The change in Los and Enitharmon, who together make up fallen man's imaginative faculty, prepares the ground for the generation of Jesus. The Sons of Eden announce this event in Night viii of 4Z with a paean of praise. Careful study of the entire song will cast more light on the meaning of Blake's symbolism of sex and generation; here are the final seven lines:
we now behold the Ends of Beulah, and we now behold
Where death Eternal is put off Eternally.
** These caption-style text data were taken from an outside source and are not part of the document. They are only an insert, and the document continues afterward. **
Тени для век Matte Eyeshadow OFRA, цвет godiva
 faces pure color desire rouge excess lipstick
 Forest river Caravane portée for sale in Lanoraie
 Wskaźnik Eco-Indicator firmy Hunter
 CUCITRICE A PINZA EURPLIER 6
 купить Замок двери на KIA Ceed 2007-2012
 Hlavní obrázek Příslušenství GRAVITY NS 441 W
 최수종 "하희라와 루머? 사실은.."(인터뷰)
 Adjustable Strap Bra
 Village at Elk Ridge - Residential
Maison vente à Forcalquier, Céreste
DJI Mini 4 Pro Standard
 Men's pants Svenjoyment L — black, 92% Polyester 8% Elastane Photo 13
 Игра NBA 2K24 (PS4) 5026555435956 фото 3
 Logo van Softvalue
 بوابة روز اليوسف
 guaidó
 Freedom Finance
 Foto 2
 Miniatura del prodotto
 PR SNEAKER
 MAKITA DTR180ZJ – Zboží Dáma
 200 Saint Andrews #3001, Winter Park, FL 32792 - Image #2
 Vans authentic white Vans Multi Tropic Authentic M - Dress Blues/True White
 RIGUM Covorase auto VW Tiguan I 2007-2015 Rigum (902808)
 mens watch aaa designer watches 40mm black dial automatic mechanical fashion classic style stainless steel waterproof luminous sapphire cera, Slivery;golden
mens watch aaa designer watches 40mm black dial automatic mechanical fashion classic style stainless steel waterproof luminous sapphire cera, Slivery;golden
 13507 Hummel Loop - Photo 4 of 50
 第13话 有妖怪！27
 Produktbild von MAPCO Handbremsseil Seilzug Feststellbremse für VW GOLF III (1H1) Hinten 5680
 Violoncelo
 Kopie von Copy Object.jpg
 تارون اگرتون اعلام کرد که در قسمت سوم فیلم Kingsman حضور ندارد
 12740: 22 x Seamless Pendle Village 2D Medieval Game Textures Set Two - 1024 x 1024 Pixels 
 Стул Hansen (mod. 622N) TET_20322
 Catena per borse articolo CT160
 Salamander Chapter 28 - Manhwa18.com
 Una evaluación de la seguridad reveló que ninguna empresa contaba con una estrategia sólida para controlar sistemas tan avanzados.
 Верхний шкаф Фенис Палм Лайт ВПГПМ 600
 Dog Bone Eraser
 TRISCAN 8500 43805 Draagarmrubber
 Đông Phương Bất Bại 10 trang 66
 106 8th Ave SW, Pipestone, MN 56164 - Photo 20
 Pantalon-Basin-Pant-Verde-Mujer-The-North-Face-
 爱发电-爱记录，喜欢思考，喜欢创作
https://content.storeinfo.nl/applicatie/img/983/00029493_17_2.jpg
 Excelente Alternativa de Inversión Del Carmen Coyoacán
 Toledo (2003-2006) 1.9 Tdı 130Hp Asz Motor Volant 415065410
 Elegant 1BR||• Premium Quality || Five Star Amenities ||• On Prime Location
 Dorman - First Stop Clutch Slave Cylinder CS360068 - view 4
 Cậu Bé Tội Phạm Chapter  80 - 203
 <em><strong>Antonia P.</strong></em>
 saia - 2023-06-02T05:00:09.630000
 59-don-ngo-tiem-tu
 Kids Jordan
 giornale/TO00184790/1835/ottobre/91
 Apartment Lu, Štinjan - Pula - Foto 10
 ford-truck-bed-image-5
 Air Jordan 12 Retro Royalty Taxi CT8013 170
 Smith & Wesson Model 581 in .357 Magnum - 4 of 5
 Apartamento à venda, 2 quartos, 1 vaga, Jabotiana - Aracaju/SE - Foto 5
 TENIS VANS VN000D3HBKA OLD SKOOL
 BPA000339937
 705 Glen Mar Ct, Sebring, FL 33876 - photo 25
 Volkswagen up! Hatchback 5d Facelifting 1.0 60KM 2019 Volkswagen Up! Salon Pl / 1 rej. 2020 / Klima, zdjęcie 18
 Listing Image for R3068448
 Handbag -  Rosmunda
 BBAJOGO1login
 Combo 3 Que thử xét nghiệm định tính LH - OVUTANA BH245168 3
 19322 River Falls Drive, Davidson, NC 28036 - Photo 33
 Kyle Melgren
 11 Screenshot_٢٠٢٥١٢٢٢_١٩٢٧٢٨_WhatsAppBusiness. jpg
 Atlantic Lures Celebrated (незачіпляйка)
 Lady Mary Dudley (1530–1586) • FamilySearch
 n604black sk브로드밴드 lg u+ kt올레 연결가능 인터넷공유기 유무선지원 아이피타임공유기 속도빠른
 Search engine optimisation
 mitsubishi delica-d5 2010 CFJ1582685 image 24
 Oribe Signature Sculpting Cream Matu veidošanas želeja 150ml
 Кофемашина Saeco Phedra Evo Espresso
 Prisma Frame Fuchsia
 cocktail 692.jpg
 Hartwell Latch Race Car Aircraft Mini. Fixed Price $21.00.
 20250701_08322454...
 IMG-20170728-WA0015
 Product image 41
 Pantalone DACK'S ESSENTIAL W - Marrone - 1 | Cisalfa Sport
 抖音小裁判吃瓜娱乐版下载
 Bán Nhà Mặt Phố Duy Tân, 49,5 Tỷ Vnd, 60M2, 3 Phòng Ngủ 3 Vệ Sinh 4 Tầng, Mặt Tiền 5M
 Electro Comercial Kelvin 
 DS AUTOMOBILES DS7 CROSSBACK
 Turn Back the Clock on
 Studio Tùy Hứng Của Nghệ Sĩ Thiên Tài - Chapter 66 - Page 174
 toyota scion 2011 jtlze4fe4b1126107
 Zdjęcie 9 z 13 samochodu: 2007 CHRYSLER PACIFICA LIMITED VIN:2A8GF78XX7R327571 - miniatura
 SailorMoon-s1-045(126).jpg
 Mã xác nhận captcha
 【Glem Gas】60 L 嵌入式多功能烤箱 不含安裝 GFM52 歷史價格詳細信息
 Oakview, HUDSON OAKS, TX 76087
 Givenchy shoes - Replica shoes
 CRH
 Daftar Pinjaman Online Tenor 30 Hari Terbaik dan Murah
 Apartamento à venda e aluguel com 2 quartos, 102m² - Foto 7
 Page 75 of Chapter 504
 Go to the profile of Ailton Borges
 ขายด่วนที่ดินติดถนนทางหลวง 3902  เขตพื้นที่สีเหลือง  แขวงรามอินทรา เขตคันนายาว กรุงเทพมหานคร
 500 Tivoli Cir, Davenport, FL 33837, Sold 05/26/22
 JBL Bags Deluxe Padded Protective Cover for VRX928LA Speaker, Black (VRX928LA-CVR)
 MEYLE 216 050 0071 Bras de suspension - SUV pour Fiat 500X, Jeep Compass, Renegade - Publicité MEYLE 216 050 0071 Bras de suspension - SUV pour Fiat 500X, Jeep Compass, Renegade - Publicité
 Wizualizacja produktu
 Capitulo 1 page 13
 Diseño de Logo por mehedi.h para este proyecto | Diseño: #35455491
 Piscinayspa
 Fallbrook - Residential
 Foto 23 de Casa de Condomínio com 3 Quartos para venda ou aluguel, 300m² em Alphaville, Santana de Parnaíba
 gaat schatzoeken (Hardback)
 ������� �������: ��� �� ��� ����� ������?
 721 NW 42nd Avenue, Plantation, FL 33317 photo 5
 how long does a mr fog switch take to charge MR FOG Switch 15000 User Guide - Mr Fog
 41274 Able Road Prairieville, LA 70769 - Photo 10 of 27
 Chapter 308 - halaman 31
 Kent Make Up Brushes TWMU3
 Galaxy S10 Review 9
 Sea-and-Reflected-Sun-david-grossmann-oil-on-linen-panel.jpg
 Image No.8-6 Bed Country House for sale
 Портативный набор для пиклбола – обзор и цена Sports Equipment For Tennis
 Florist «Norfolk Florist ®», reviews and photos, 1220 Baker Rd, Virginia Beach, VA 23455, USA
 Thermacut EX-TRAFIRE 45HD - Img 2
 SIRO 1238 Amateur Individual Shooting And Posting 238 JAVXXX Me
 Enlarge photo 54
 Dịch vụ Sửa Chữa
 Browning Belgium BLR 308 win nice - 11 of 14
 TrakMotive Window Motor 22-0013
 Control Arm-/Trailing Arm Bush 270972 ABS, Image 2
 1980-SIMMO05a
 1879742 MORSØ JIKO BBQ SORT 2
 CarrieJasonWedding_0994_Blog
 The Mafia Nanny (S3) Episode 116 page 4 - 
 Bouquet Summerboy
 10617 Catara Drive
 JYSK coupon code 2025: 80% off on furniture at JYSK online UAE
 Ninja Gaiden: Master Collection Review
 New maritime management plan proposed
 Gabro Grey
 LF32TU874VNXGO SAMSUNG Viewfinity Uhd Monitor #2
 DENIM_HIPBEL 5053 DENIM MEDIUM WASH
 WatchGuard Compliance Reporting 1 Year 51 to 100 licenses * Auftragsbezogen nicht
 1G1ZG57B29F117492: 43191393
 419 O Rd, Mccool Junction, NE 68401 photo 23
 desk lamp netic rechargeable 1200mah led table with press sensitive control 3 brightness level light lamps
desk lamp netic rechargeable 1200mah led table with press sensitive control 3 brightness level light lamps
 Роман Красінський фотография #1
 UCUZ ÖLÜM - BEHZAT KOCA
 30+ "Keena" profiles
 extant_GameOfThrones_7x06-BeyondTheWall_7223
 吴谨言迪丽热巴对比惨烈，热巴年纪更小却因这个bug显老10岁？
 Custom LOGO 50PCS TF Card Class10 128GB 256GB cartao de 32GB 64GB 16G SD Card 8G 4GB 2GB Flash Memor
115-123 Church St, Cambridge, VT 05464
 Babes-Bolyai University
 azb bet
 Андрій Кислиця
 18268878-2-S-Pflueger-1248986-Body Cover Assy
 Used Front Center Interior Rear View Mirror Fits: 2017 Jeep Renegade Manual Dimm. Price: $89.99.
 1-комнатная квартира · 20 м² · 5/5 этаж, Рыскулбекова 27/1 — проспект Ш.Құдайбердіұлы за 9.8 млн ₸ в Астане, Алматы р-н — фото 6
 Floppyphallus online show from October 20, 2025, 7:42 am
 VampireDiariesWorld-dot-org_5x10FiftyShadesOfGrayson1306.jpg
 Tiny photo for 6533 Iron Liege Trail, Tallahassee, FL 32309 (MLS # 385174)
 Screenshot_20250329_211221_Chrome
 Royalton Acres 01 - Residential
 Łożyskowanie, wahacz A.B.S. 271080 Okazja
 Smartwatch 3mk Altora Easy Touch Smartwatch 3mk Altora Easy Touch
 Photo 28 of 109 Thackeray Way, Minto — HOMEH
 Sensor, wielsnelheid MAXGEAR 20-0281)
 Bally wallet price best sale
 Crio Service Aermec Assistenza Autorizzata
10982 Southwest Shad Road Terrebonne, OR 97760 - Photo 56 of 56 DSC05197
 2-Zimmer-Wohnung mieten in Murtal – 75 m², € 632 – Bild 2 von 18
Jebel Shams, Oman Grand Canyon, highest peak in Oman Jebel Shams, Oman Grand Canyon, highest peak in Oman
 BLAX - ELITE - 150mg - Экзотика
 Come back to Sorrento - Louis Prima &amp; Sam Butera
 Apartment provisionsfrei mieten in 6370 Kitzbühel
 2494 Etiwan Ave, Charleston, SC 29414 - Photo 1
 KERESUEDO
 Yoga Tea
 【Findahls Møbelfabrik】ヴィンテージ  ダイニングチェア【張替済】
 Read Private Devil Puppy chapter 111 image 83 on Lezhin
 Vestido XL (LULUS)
Assume the dark Satanic body in the Virgin's womb,
0 Lamb Divine! it cannot thee annoy. 0 pitying one,
Thy pity is from the foundation of the world, & thy Redemption
Begun already in Eternity. Come then, 0 Lamb of God,
Come, Lord Jesus, come quickly.
What Blake reports next should be a welcome change for the by now outraged feminist. With his usual consistency he follows the divine annunciation with the appearance of Satan, and the worst thing he can say about Satan is to call him a "male without a female":
The war roar'd round Jerusalem's Gates; it took a hideous form
Seen in the aggregate, a Vast Hermaphroditic form
Heav'd like an Earthquake lab'ring with convulsive groans
Intolerable; at length an awful wonder burst
From the Hermaphroditic bosom. Satan he was nam'd,
Son of Perdition, terrible his form, dishumaniz'd, monstrous,
A male without a female counterpart, a howling fiend
Forlorn of Eden, repugnant to the forms of life,
Yet hiding the shadowy female Vala as in an ark & Curtains,
Abhorr'd, accursed, ever dying an Eternal death,
Being multitudes of tyrant Men in union blasphemous
Against the Divine Image, Congregated assemblies of wicked men.